I guess I should hurry up and get to the point, long story kind of short; Despite it being the early part of summer, as soon as the national parks opened back up and my husband had two days off from work back-to-back, the key to us getting up and leaving early enough to enjoy a full day at the park, I made sure Joshua Tree was the first place we went.
Two weeks ago, I was finally able to check Joshua Tree off my bucket list and it did not disappoint. It was a relaxing, rejuvenating, mesmerizing, HOT day trip.
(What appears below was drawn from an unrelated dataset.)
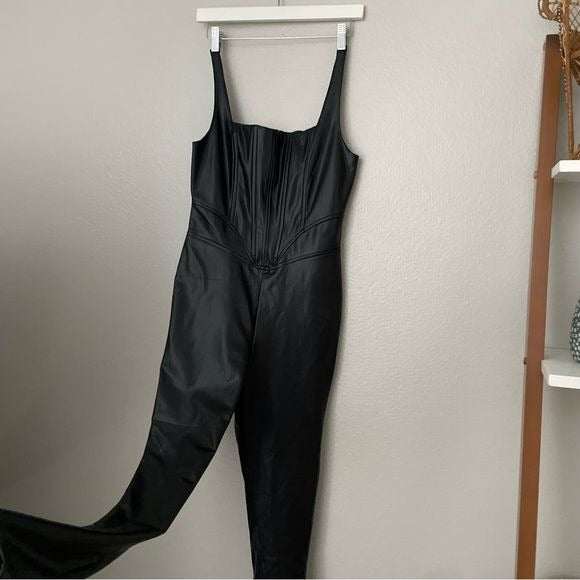 Faux Leather Black Pant Jumpsuit (M)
When we first decided to go, my weather app said it would be about 90 degrees. When I started looking up hikes, my AllTrails app showed that it would be somewhere around 95 degrees. On our drive up there, before we even hit the park, so around 8 am, it was already past 90 degrees. It was clearly going to be a hot day. Before entering the park we stopped off at the Visitor Center and they reported the high for the day to be around 110.
It was not the kind of heat we were prepared for, but I also cannot be mad about it. It is the desert and it is summertime.
Because it was so hot and the husband and I are somewhat out of hiking shape, we’ve been in quarantine for almost four months now, we weren’t able to explore the park on foot as much as we would have liked. We stuck to only doing the super short trails –
- Keys View Nature Trail – 0.2 miles (This is not a hike, it is a walk up to a look out point.)
- Barker Dam Nature Trail – 1.3 miles
- Hidden Valley Nature Trail – 1.0 miles
- Cap Rock and Gram Parsons Nature Trail – 0.7 miles
And we explored the rest of the park by car.
Despite the tiny bit of hiking we were able to do, I was still blown away by the park. My husband made fun of me, immediately asking if I “felt closer to my dad.” He was joking and serious all at the same time, but so was my response, “Yes.” Although I have no reason to, my dad never shared any specific stories, he never took me to Joshua Tree, all I knew was that he loved the park and spent a good amount of time there, and yet I did feel oddly closer to him. Not like I do in Bullhead, but I felt an understanding. I can’t properly explain what I felt, but (here is my best effort) I felt like I understood what he saw and felt in Joshua Tree and even though I can’t know for sure, I feel like the park gave me the same feeling and awe. Without him being there to confirm, I felt like I could relate to him on a new level and that we now have yet one more thing we share.
As I said, since it was so hot we did most of our exploring by car and, like I said, that was enough for me to fall in love with the park. We already have plans to go back in the winter, I’d love to see the park with snow, and in spring to see all the cactus blooms. We even scouted out several of the campsites and are hoping to get back out there to camp, maybe as soon as fall, as long as the temperatures have started to drop.